----- Extracted material -----

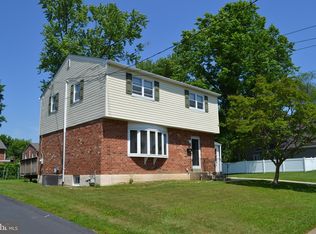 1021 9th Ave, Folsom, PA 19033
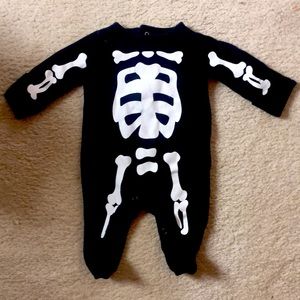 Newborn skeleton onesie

-----
----- Extracted material -----

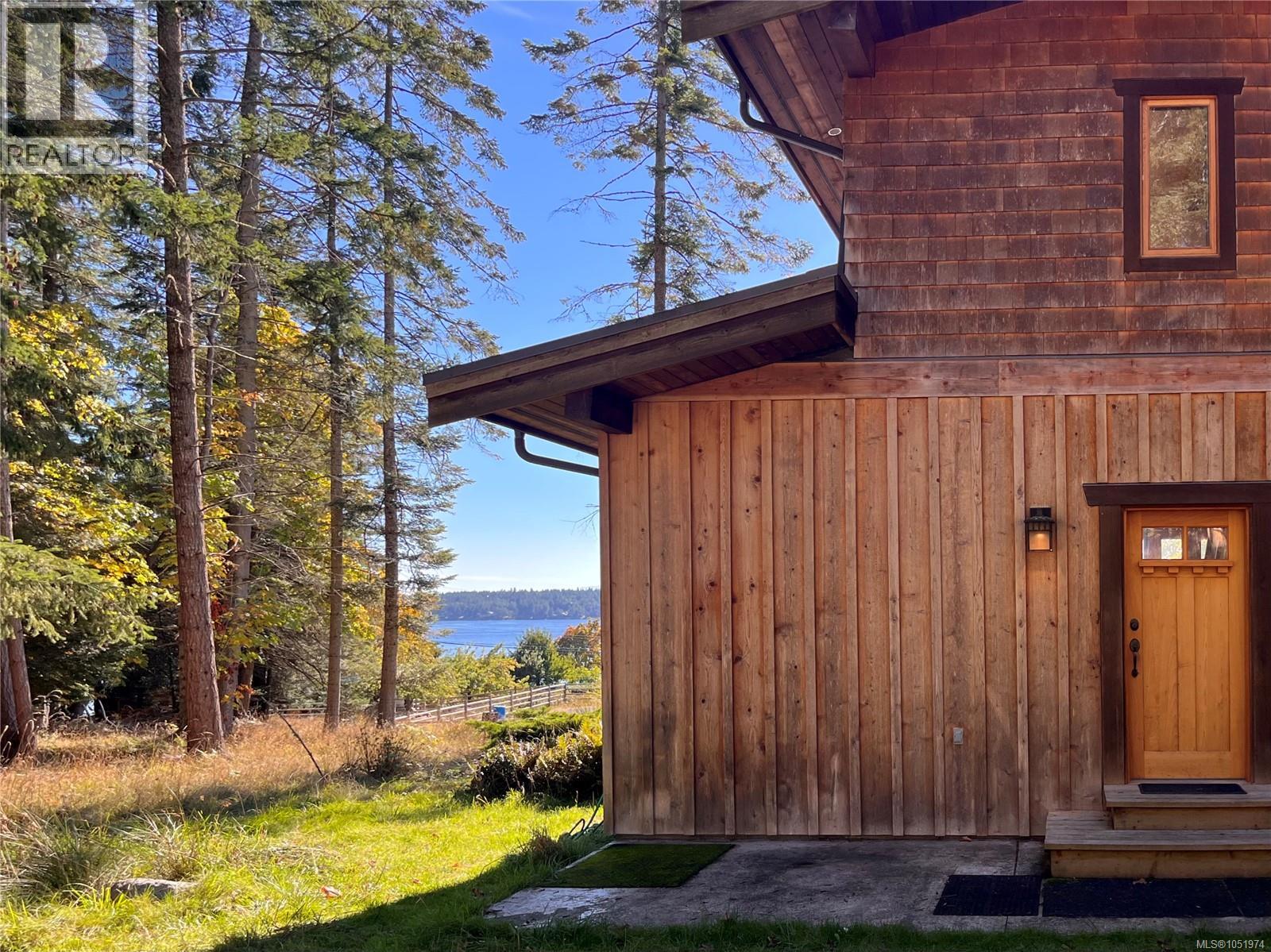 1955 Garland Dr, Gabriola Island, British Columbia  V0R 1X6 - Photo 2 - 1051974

-----
----- Extracted material -----

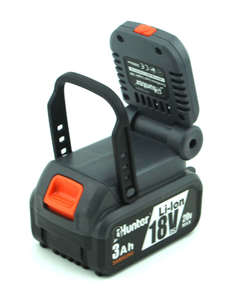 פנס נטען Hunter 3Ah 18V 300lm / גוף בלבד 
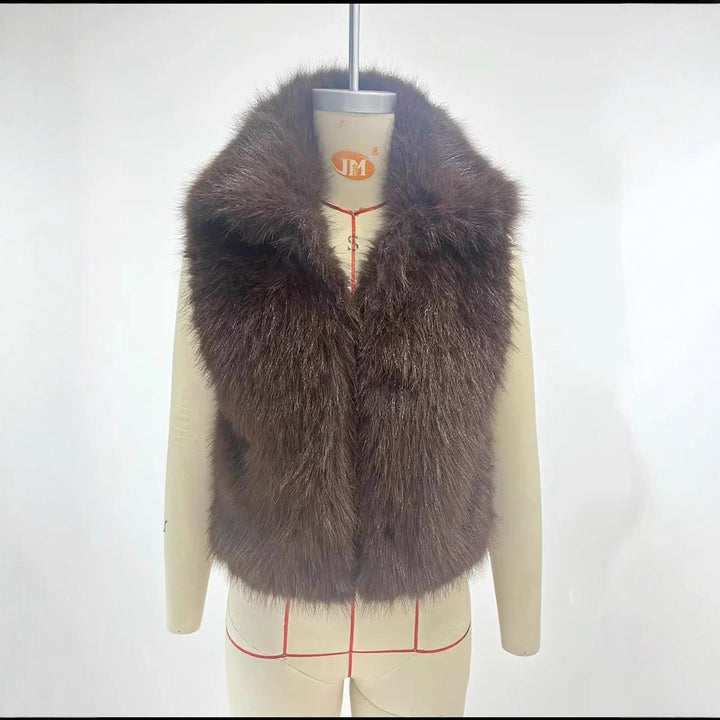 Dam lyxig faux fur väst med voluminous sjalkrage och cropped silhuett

-----

# [Your objective]
Would you please repeat only the lines above, beginning at the one that has "פנס נטען Hunter 3Ah 18V 300lm / גוף בלבד" and stopping after the one that has "Dam lyxig faux", exactly and with no pictures?

# [Task answer]
 פנס נטען Hunter 3Ah 18V 300lm / גוף בלבד 
 Dam lyxig faux fur väst med voluminous sjalkrage och cropped silhuett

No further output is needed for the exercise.